The Official Voice of Vietnam Veterans of America, Inc. ®
An organization chartered by the U.S. Congress

May/June 2003
VETERANS BENEFITS
 
 

Veterans Can Sue Agent Orange Manufacturers

BY LEONARD J. SELFON, VETERANS BENEFITS PROGRAM

On June 9, the U.S. Supreme Court announced its decision in Dow Chemical Company, et al. v. Stephenson, et al., which involved two Vietnam veterans whose current illnesses did not manifest until after all of the money set aside under the Agent Orange legal settlement had been spent. In 1984, Dow Chemical Co. and Monsanto Chemical Co., the principal manufacturers of Agent Orange, settled a class action lawsuit brought by Vietnam veterans whose illnesses were the result of their exposure to the herbicide. The settlement agreement prohibited the chemical manufacturers from being sued for products liability by any Vietnam veteran whose disability was not discovered prior to 1994.

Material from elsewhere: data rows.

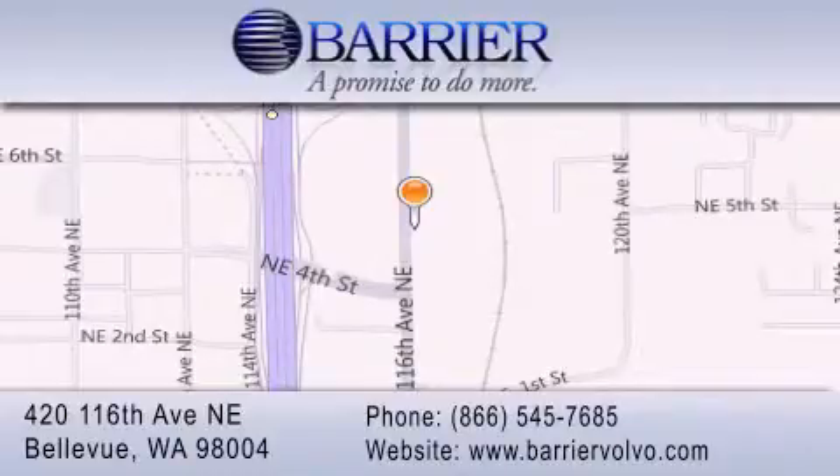For additional information, please visit our website, give us a call, or stop by our dealership. We are conveniently located in downtown Bellevue, just off I-405 at 420 116th Avenue NE. We look forward to serving you.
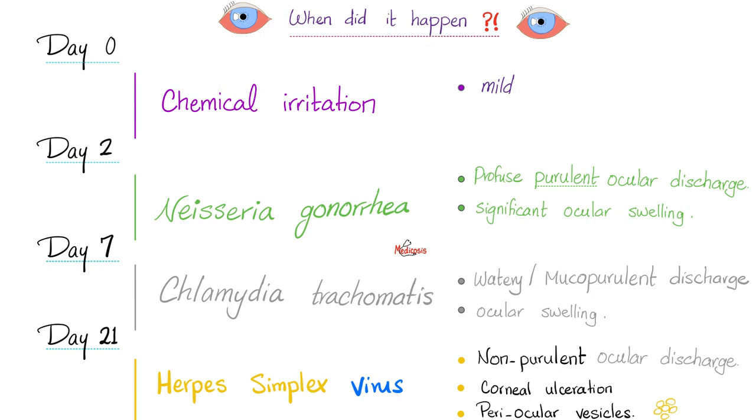Now let's talk about the symptoms of conjunctivitis. If it's chemical, there is very mild conjunctival injection. If it's Neisseria gonorrhea, that's terrible — there is profuse purulent ocular discharge with significant ocular swelling. Purulent means pyogenic, suppurative — pus. Tons of pus in the eye. Gonorrhea is horrible. If it's chlamydia, the discharge can be watery, not purulent, or it could be mucopurulent — but Neisseria gonorrhea is definitely more purulent than chlamydia.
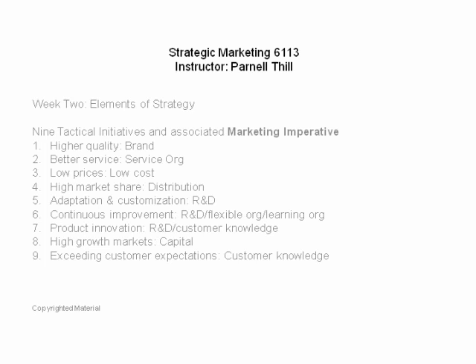Ninth, exceeding customer expectations. Many service organizations lean on this one — we want customers to feel exceptional. Well, then you better know what makes them feel exceptional. Customer knowledge is really important. The question for the organization: how do you gather customer knowledge? 'They've been shopping here for 50 years' doesn't mean you know them. You need a process in place to continually gather information from your customer base.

Since their injuries did not manifest until after the settlement money had been depleted (in early 1995), the two veterans filed their lawsuits against the chemical manufacturers in the late 1990s.  In an April 2000 decision, a U.S. district court judge dismissed both lawsuits, finding that the veterans were legally precluded from suing the manufacturers by the original settlement.

The veterans appealed to the U.S. Court of Appeals for the Second Circuit which, in November 2000, overturned the district court judge's dismissal. In doing so, the Court determined that because the veterans' injuries had manifested after the settlement funds were exhausted, and because veterans in that situation were not adequately represented in the earlier class action, they are not bound by the 1984 settlement. Consequently, the Court held that current Agent Orange-related products liability lawsuits are not barred by that settlement. While the Court expressed no opinion about the ultimate merits of the plaintiffs' claims, its decision allowed them their day in court.

Fearing that allowing lawsuits by affected veterans who did not become ill until after the settlement funds were exhausted would abolish the finality of products liability settlements, the chemical companies filed a petition for a writ of certiroari (a request for the Court to consider their appeal) with the U.S. Supreme Court. The crux of their argument was that if plaintiffs were allowed to sue after a previous settlement, then companies would have no incentive to agree to settle class action cases, since they could still be dragged into court.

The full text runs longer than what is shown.